Jumat, 05 Maret 2010

Agar Bidan Tak Tinggalkan Desa

Program bidan desa yang digulirkan pemerintah pada 1994, dalam perjalanannya, ternyata mengalami penyusutan. Cukup banyak bidan yang meninggalkan posnya tanpa mau memperpanjang masa kontraknya yang tiga tahun. ”Kini, jumlah bidan desa hanya 30 ribuan,” ungkap Ketua Umum Ikatan Bidan Indonesia (IBI), Ny Wastidar Musbir. Angka ini jauh dari ideal jika dibandingkan dengan jumlah desa di Indonesia yang 65 ribu. ”Idealnya satu desa satu bidan,” sambungnya.
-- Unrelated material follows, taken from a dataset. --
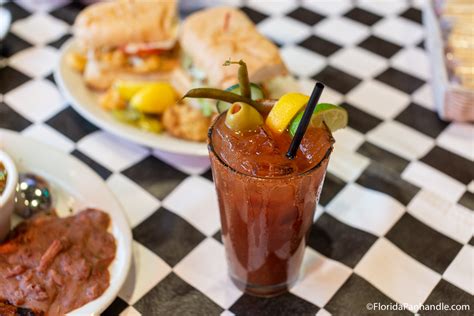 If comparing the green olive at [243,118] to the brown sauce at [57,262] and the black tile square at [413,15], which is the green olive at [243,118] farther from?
the black tile square at [413,15]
Penyebab para bidan itu lari dari desa dengan tidak melanjutkan kontrak, alasan yang mengemuka adalah ikut suami atau melanjutkan sekolah. Tapi, jika status dan kesejahteraan mereka ditingkatkan, keadannya akan lain. Karena itu, IBI menuntut adanya perhatian besar terhadap bidan desa. ”Mereka seharusnya diangkat saja jadi pegawai negeri,” kata Wastidar.

Dengan berstatus PNS, menurut bidan senior itu, mereka menjadi merasa punya pegangan untuk jaminan masa depan. Sebab, dengan hanya bidan kontrak, selain kelak tak akan mendapat pensiun, honor yang mereka terima pun hanya sekitar Rp 500 ribu per bulan.
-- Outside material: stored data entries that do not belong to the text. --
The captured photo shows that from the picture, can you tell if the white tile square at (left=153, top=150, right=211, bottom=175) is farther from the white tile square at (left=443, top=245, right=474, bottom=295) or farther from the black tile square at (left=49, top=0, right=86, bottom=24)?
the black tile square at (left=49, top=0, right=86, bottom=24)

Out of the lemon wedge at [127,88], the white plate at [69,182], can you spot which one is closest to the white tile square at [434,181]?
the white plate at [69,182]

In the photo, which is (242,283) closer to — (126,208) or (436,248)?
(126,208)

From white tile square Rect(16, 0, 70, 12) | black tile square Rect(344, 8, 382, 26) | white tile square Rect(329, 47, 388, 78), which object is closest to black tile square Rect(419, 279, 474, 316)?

Biaya hidup di desa memang murah. Tapi, seringkali bidan desa harus rela memberikan ’subsidi’ untuk pasien persalinan yang umumnya berekonomi lemah. Belum lagi biaya transportasi yang tinggi karena medan yang jauh dan berat.

Lantas, kata Wastidar, untuk meningkatkan kualitas, pemerintah secara terprogram harus melakukan pembinaaan lewat pendidikan dan latihan (diklat). Ini agar mereka tidak ada alasan lagi untuk melanjutkan sekolah dengan meninggalkan tugas sebagai bidan desa. ”Selama ini, pelatihan-pelatihan bagi bidan belum merata,” kata Wastidar.

IBI khawatir, menyusutnya bidan desa menimbulkan makin banyak proses persalinan yang tidak terlayani tenaga kesehatan. Lantas, mereka berbalik menggunakan jasa dukun beranak yang tidak terdidik secara medis.
”Tingginya kematian pada proses persalinan, salah satu penyebabnya karena kurangnya tenaga bidan,” kata Wastidar.

Di Indonesia, ungkap Wastidar, tingkat kematian ibu dan anak dalam proses persalinan masih sangat tinggi. Menurut data Depkes tahun 1997, jumlahnya sebanyak 373 kasus per 100 ribu kelahiran. ”Survei terakhir pada 2000, datanya belum keluar,” katanya.

Betapa masih tingginya angka kematian ibu dan anak di Indonesia, untuk membandingkannya, tidak perlu jauh-jauh. Filipina hanya mencatat 70 kasus, Malaysia 40 kasus, dan Singapura 2 kasus per 100 ribu kelahiran.